Democracy in Action: ...do you have a paid staff and a headquarters?

Meckler: No. No headquarters; no paid staff. If you want to understand our organization, there's one book that describes it the best. It's called The Starfish and the Spider. And there are two analogies in this book.

If you think about the geometric structure of the stafish and the spider, they're very similar, but they're incredibly different creatures.  And one of the things that makes them so different is if you have a spider and you chop off one of its legs it stumbles and it's going to have a little bit of difficulty.  You take another leg and it's probably going to die because it can't get around. You take a starfish and you chop off a leg, generally speaking that leg is going to grow into a starfish.  The starfish will continue.  Now you have two starfish, and they're both the same species and doing the same thing, but you haven't destroyed the starfish. And at the extreme end of biological evolution, there are starfish, if you cut off a small slice off of them, they grow into a new starfish.  And so we're like the starfish.  There is no head, there is no leader of the organizatoin.  There are thousands of starfish out there and they are self-replicating in that way. 

And the other analogy that comes out of that book is that of the Apache Indians.  When the conquistadors came to the Americas and they faced the Aztecs and the Mayans, they were able to understand those societies.  They came to those societies and they found there was a king and there was a central location and there was wealth.  So they came in, killed the king, stole the gold and within a couple of years destroyed each of those societies.  It's amazing—societies that existed for hundreds of years.

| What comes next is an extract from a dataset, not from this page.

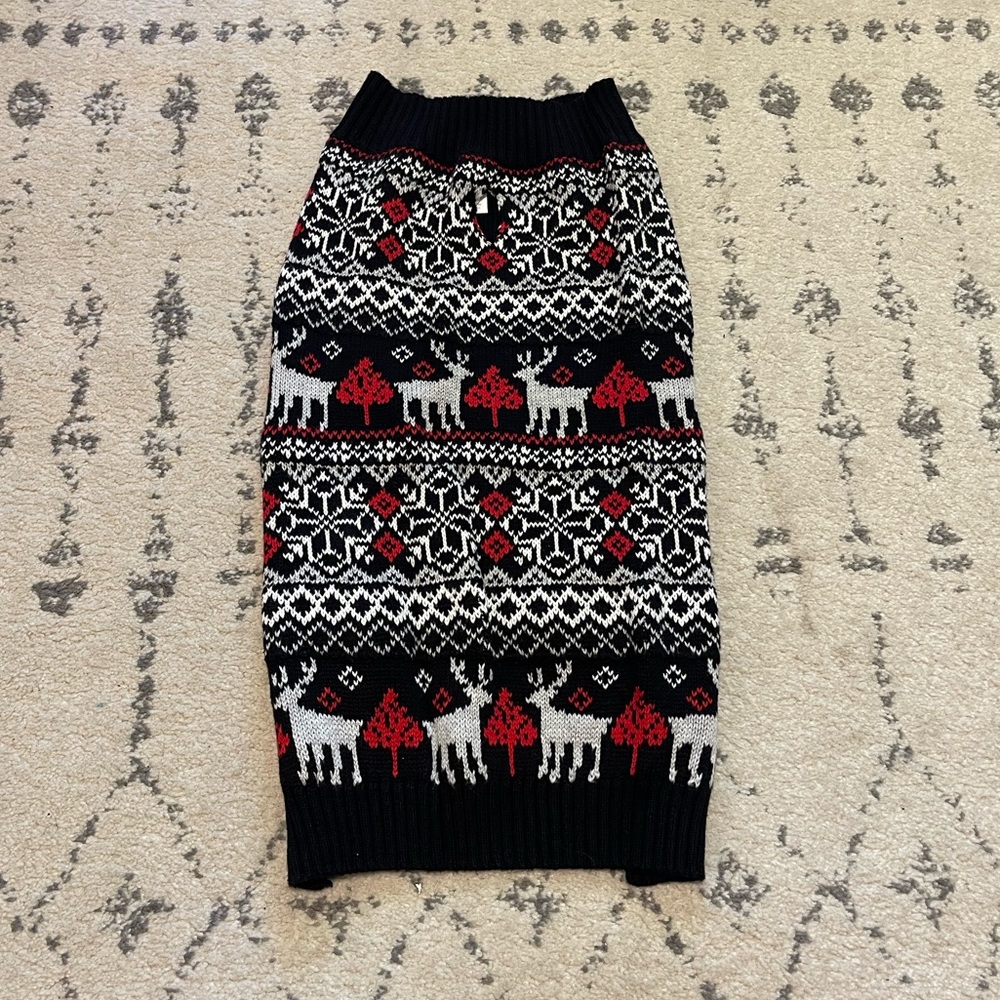 Charter Club Christmas Fair Isle Sweater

And as they moved northward into North America, into what we know know as New Mexico, they ran into the Apache Indians.  And the Apaches covered a wide territory., and they had no king and they had no central city.  And so the conquistadors had trouble understanding the structure.  What they found is each individual tribe had what they called a Nant'an.  And the Nant'an was a leader in a sense, but not in the way they understood it.  He had no power.  In fact there is no word for should or you should in the Apache language.  So these people had no power to tell anybody to do anything.  But what happened is people would watch them and say you know that guy seems successful.  His family is well fed and he seems to know where to hunt and so they would start to do what he did and emulate what the Nant'an did.  And so the Spanish figured this out and said okay well that's the leader.  Well what happened is they would come in there an they would kill the Nant'an and then the people would just gravitate to somebody elese, find another guy who was successful, and would start to follow him.  And so they were unable in 200 years of attempting to defeat the Apache Nation.  And so we're a lot more like the Apaches.  They can go after us all they want. 

In fact right now, I don't know if you heard, Clinton and Carville are supposedly looking for six to eight Tea Party leaders to target and destroy.  This was on Breitbart's Big Government two days ago.  We think it's funny because they can target 600 of us; it doesn't matter.  In fact we just started a website called IamtheTeaPartyleader.com.  We have hundreds of people right now uploading videos just saying "I am the Tea Party leader."  And you remember the movie "Spartacus"?  Great scene.  The story is Spartacus who led the slave rebellion in the Roman empire.  And there's a great scene, not historically correct, but a great scene where the slave rebellion has been wiped out, and there are thousands of corpses on the battlefield, and there are a few thousand slaves left.  And the Roman general says, the Emperor has decided to spare you the horrible death of crucifixion on one condition: you identify the body or the living person of Spartacus.  And they pan in.  You can see Spartacus standing there alive, dejected, and all the slaves are out there.  And all of the sudden a slave stands up and says, "I am Spartacus."  And it's not Spartacus.  And then another and another.  And pretty soon thousands of slaves are standing and saying "I am Spartacus."  And that's the concept and we have that video on the IamtheTeaPartyleader website along with now hundreds of videos from tea party leaders around the country.